__Problem requirements__: Please copy, word for word, the line that contains "Felix влажный корм" and every line after it through the end of the records, and nothing more.

__Stored data entries__:
= Beginning of Section =
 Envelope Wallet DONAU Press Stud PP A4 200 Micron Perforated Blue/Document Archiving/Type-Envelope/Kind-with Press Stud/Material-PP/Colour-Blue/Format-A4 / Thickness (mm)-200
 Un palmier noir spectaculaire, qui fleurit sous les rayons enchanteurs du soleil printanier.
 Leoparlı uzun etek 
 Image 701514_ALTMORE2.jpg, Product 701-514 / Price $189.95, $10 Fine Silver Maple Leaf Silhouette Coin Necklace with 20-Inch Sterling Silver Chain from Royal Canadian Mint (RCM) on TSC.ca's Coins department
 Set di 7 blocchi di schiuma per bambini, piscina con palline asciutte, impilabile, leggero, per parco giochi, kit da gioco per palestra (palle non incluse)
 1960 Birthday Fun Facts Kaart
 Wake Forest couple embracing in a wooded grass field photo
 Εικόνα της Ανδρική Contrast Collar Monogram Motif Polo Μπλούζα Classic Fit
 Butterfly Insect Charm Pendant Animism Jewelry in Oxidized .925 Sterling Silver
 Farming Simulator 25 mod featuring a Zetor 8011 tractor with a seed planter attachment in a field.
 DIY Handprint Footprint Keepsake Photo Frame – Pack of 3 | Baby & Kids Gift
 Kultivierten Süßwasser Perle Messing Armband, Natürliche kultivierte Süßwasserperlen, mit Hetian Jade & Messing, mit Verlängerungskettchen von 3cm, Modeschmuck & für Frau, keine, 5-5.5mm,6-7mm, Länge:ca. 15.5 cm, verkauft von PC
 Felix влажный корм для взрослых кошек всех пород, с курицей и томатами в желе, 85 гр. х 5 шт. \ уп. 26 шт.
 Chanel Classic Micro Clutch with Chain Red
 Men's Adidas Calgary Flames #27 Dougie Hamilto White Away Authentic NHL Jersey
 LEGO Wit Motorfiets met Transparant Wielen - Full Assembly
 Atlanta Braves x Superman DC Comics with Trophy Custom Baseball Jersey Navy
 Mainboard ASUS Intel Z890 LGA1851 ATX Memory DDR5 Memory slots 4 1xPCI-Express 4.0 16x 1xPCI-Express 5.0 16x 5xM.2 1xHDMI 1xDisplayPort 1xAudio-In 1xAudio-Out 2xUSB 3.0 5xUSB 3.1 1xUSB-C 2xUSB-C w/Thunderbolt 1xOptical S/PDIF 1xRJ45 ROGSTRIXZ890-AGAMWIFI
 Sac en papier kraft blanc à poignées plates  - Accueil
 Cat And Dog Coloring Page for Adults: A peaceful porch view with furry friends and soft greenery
= End of Section =
__Task response__:
 Felix влажный корм для взрослых кошек всех пород, с курицей и томатами в желе, 85 гр. х 5 шт. \ уп. 26 шт.
 Chanel Classic Micro Clutch with Chain Red
 Men's Adidas Calgary Flames #27 Dougie Hamilto White Away Authentic NHL Jersey
 LEGO Wit Motorfiets met Transparant Wielen - Full Assembly
 Atlanta Braves x Superman DC Comics with Trophy Custom Baseball Jersey Navy
 Mainboard ASUS Intel Z890 LGA1851 ATX Memory DDR5 Memory slots 4 1xPCI-Express 4.0 16x 1xPCI-Express 5.0 16x 5xM.2 1xHDMI 1xDisplayPort 1xAudio-In 1xAudio-Out 2xUSB 3.0 5xUSB 3.1 1xUSB-C 2xUSB-C w/Thunderbolt 1xOptical S/PDIF 1xRJ45 ROGSTRIXZ890-AGAMWIFI
 Sac en papier kraft blanc à poignées plates  - Accueil
 Cat And Dog Coloring Page for Adults: A peaceful porch view with furry friends and soft greenery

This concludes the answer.